SUPPLEMENT: Introduction

Richard Holliday Director of the Outdoor Advertising Association

Richard Holliday Director of the Outdoor Advertising Association



The participation of outdoor specialists in the Postar research at last

gives the outdoor industry the opportunity to develop a true trading

currency. But this is only the beginning of the on-going development of

Postar.



The latest moves in outdoor advertising research have the potential to

take the medium past its traditional threshold of a 4 per cent share of

the advertising market. Anyone who has been around the media world for

even a short time will be aware of the rivalries and politics that

surround industry research. The recent falling out at Rajar is an

example of what can go wrong. This is why all sides must now respond to

the challenges ahead.



When the Council of Outdoor Specialists announced it was joining the

poster industry’s new JIC - Joint Industry Committee for Poster Audience

Research, and were contributing funds to the research for Postar, some

people may have felt that this was just the specialist fraternity making

a gesture. It really is much more important than that.

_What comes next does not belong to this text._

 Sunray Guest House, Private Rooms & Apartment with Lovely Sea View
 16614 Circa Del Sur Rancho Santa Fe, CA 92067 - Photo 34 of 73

For years outdoor had the only Joint Industry Committee on research that

was solely funded by the media owners - the poster contractors. Now that

the buyers are sitting around the same table, the industry has its first

real opportunity to develop a trading currency that begins to create a

justification process for buying and selling.

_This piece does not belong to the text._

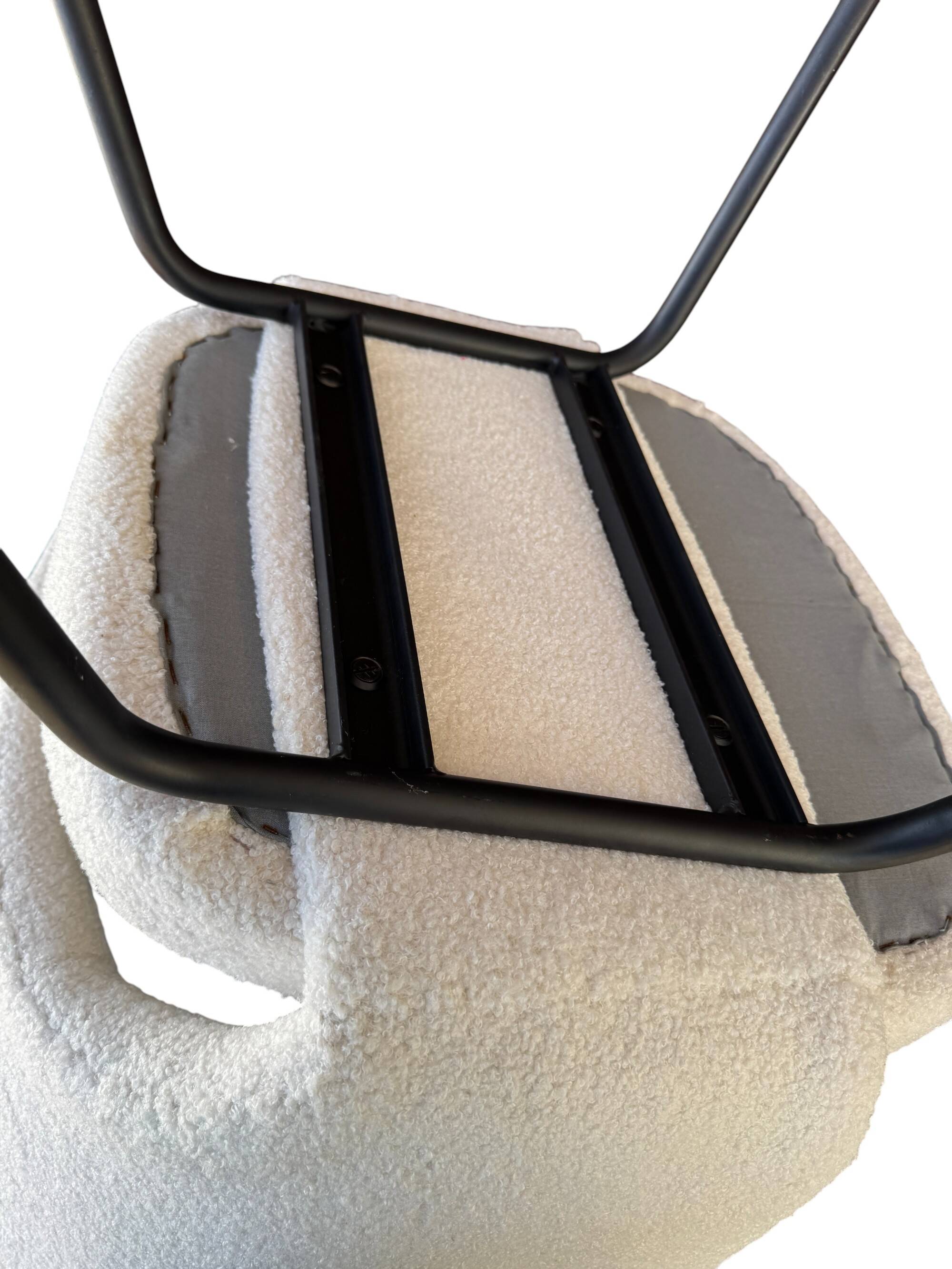 Eero Saarinen “Conference” armchair for Knoll – Reupholstered, superb condition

This is critical because developing an audience-led currency gives the

unsophisticated outdoor world of supply and demand a structure. The

audience-led research unit - be it a TVR or an ABC figure - helps

justify the price the advertiser is having to fork out for the audience

he/she is buying. In the outdoor industry, where average unit site price

has been the currency, negotiations were never about audience delivery

and value, but discount. As a result, there has traditionally been an

almost overbearing animosity between buyer and seller in outdoor. It is

natural that buyers should want to pay a low price for an audience and

sellers strive for the highest one possible.



This is not to say that similar tensions don’t exist in other media. TV

negotiations can be brutal. However, there is Barb and station average

price, and all sides will know how the deal was struck and what

audiences were delivered, so when they leave negotiations they can go

away and have a drink or three together.



As the number of media proliferates, the desire to understand the value

of audience delivered obviously becomes greater. Outdoor, as a passive

medium, needs a way of identifying and evaluating its audience perhaps

more than any other medium. The new currency provided by Postar will go

further than previous research by using a futuristic visibility

experiment to evaluate those people who pass a poster panel and whose

eyes alight on it.



This is why the specialists agreeing to take part in Jicpar and Postar

is important: it means the industry can begin to establish an audience-

led currency. It is a recognition by both sides that the maintenance and

improvement of the outdoor share of advertising revenue is dependent on

justification and negotiation techniques stemming from true, jointly

agreed, industry research. With this new agreed currency, outdoor can

take its place alongside other media-evaluation techniques and we can

get on with marketing the medium and selling its unique values.